2011-06-21 11:41:38 | music/festival
炎天下で一日中ブルースに浸かっていた昨日の余韻で、頭にまだ音が鳴っている。
しかし、今日も行かねばならぬ。




そう、今日はシカゴのとあるブルースバーで「Blues For Japan」なるイベントがあるという。
先週、シカゴ・ブルースフェスでお会いしたAriyoこと有吉さん(ビリー・ブランチバンドのピアニスト)からこのイベントの案内をいただき、連荘だろうがなんだろうが行こうと心に決めていた。

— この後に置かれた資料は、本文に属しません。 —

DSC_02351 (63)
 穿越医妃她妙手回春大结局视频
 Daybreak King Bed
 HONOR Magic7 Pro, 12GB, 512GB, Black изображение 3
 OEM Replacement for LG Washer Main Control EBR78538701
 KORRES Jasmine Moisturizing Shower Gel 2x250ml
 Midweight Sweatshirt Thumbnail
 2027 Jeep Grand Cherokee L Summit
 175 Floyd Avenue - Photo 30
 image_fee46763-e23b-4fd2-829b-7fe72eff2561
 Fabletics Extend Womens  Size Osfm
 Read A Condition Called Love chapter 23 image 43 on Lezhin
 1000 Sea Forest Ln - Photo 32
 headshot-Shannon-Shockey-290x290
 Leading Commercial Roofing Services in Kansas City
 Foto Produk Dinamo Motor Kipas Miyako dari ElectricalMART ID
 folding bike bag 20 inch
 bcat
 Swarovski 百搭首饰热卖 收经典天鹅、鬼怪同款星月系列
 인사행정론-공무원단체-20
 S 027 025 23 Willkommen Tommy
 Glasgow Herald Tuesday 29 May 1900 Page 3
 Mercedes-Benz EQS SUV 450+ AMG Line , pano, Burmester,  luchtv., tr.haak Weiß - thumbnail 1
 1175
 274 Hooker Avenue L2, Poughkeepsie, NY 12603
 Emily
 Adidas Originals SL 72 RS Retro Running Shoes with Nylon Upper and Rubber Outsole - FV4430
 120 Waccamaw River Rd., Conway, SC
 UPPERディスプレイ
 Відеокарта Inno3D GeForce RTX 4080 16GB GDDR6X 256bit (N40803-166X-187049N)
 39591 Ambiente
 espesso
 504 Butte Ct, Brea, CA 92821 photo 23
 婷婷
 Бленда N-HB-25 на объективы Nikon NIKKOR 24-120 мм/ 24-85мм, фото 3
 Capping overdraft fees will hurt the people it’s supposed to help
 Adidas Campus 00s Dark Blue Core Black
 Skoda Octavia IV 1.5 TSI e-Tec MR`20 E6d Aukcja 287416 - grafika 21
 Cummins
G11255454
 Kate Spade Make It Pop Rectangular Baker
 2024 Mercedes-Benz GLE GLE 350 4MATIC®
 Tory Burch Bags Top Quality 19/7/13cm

このライブは、ブルース界で活動するシカゴ在留邦人の集合体である“Chicago Japanese Blues Community”が、シカゴ・ブルース界にチャリティ・イベントの開催を要請したところ、
地元のミュージシャンたちやシカゴの老舗ブルース・クラブのひとつである『Rosa’s Lounge』がこれに応じる形で実現したもの。
Ariyoさんがミュージシャンのとりまとめ役となり、地元のミュージシャンたちにも声をかけた夢のライブだ。


午後4時。
シカゴダウンタウンから少し北部にある老舗のブルース・バー「Rosa's Lounge」へと一路車を走らせる。
前から聞いたことはあったが、ここに実際足を踏み入れるのは今回が初めてだ。
エスニックの匂い漂う地域にひっそりとたたずむ小さなBar。
その横ではキューバレストランがガンガンにキューバンミュージックを鳴らし、お客が外でビールを飲んで大声でしゃべっている。

 

今日のライブは4時から10時までの6時間!
ライブというよりも、やってきたミュージシャンが次々と飛び入り参加していくというJam Sessionのような進行だ。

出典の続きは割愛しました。